■ Directions for this task ■
Keep the pictures out while you transcribe the listing below exactly.

■ Given material ■
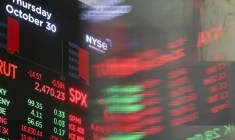 Des écrans à la Bourse de New York, le 30 octobre 2025 ( AFP / ANGELA WEISS )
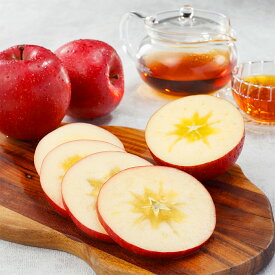 [贈答用]国産赤玉 りんご（3玉） 果物詰め合わせ フルーツギフト 詰め合わせ ギフト 贈答 プレゼント フルーツ 果物 くだもの りんご 国産 旬 おしゃれ かわいい 老舗 御礼 御祝 内祝 御挨拶 御見舞 見舞 誕生日 仏 御供え 御霊前 御供物 内祝い 市場直送 仲卸 サンふじ 祝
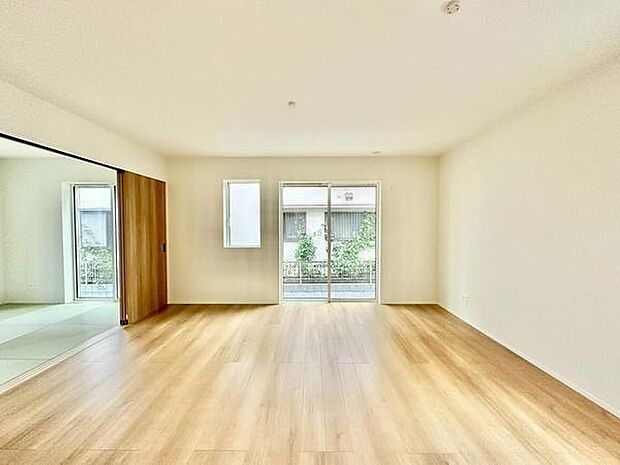 採光良好な南向きリビング。白い壁と天井で広く感じられ、家族の時間が自然に増える空間です。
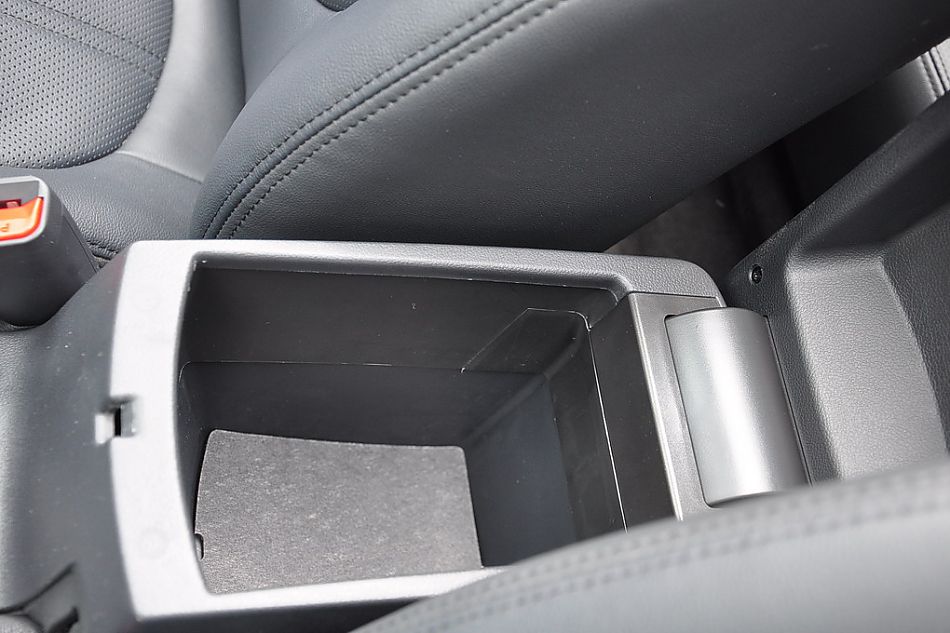 东风悦达起亚福瑞迪试车实拍图 内饰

■ Task result ■
 Des écrans à la Bourse de New York, le 30 octobre 2025 ( AFP / ANGELA WEISS )
 [贈答用]国産赤玉 りんご（3玉） 果物詰め合わせ フルーツギフト 詰め合わせ ギフト 贈答 プレゼント フルーツ 果物 くだもの りんご 国産 旬 おしゃれ かわいい 老舗 御礼 御祝 内祝 御挨拶 御見舞 見舞 誕生日 仏 御供え 御霊前 御供物 内祝い 市場直送 仲卸 サンふじ 祝
 採光良好な南向きリビング。白い壁と天井で広く感じられ、家族の時間が自然に増える空間です。
 东风悦达起亚福瑞迪试车实拍图 内饰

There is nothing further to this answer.